Spanien – Polizeiaktion gegen illegales Glücksspiel in Madrids Chinatown

Es ist ein gewaltiger Schlag gegen das organisierte Verbrechen. In Spanien wurden bei einer spektakulären Polizeiaktion 60 Personen in Madrid verhaftet. Die Ermittlungsrichter haben weitere 108 Haftbefehle erlassen.

Wie die Online-Plattform 20min.ch berichtet, gelang der Polizei in Fuenlabrada, das auch als Madrids Chinatown bekannt ist, ein riesiger Schlag gegen organisierte China-Banden. Die Liste der Beschuldigungen ist lang und geht von Prostitution und Bestechung über Geldwäscherei, Erpressung bis hin zum illegalen Glücksspiel.

Neben sämtlichen Casinospielen wie Roulette und Black Jack sollen auch regelmäßig illegale Pokerrunden in dem spanischen Chinatown stattgefunden haben.
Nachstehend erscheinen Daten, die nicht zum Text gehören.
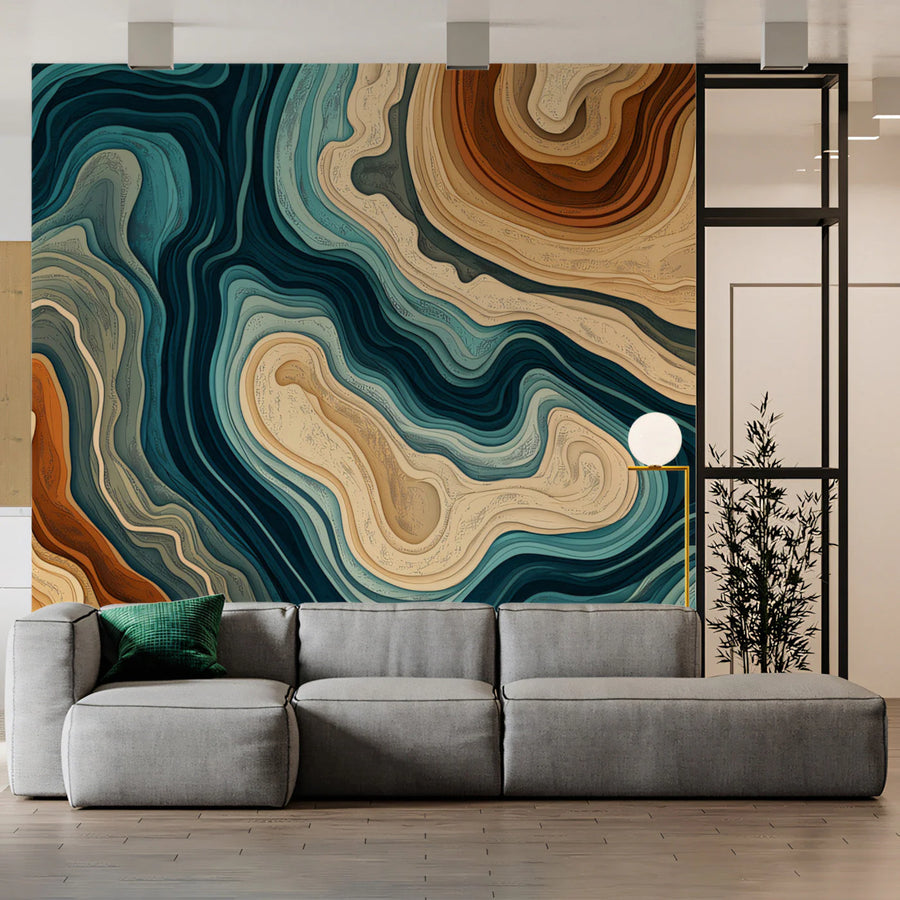 Abstract Topographic Mural Wallpaper — Earthy Teal and Sand Tones Mural Wallpaper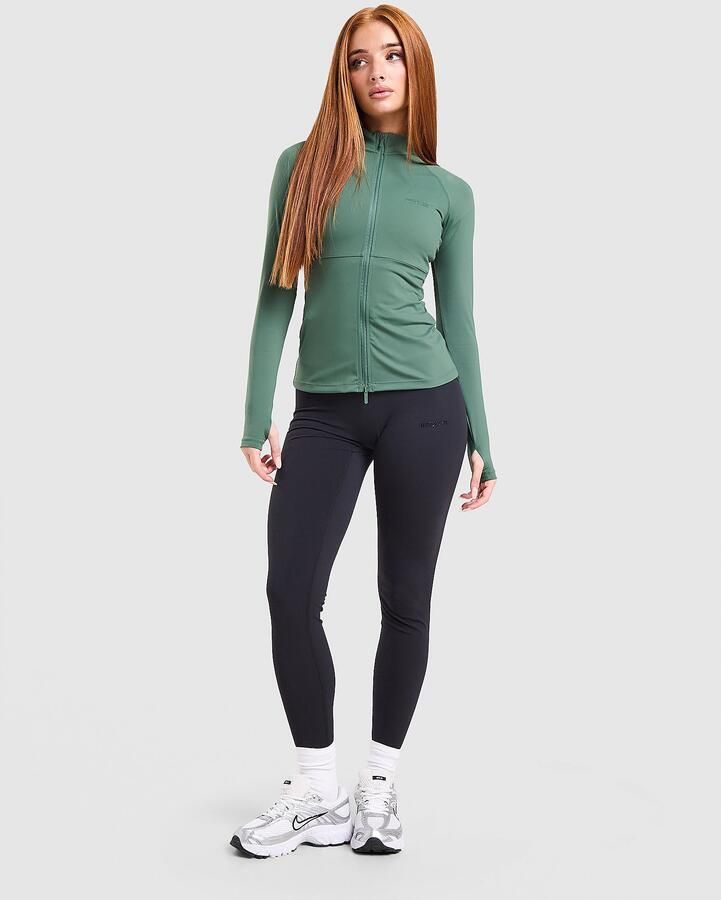 DAILYSZN Sculpt Full Zip Fitted Top Groen- Dames Groen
Poker und Glücksspiel ist bei den Asiaten sehr beliebt. Überall auf der Welt gibt es asiatische Märkte mit Waren aus China und Fernost und natürlich auch mit Restaurants, wo asiatische Spezialitäten angeboten werden. Meistens befinden sich diese Märkte in den Metropolen wie z.B. Toronto, London, Los Angeles, Madrid und Prag. 

Die Gewinnspannen auf die Importprodukt aus Fernost sind immens und die asiatischen Gechäftsleute sind mehr als fleißig. Auch wenn es nicht immer den Anschein hat, so werden auf diesen Märkten doch utopische Gelder verdient. Und das Glücksspiel liegt den Asiaten im Blut. Nahezu auf jeden dieser Märkte wird gezockt bis der Arzt kommt. Meistens in illegalen Runden, die streng geheim gehalten werden. Selbst wenn ein Auswärtiger mal in solch eine Pokerpartie rein kommt, behält er das doch eher meistens für sich. Zu lukrativ sind diese Runden um dafür Werbung zu machen. Der Profi schweigt und kassiert. 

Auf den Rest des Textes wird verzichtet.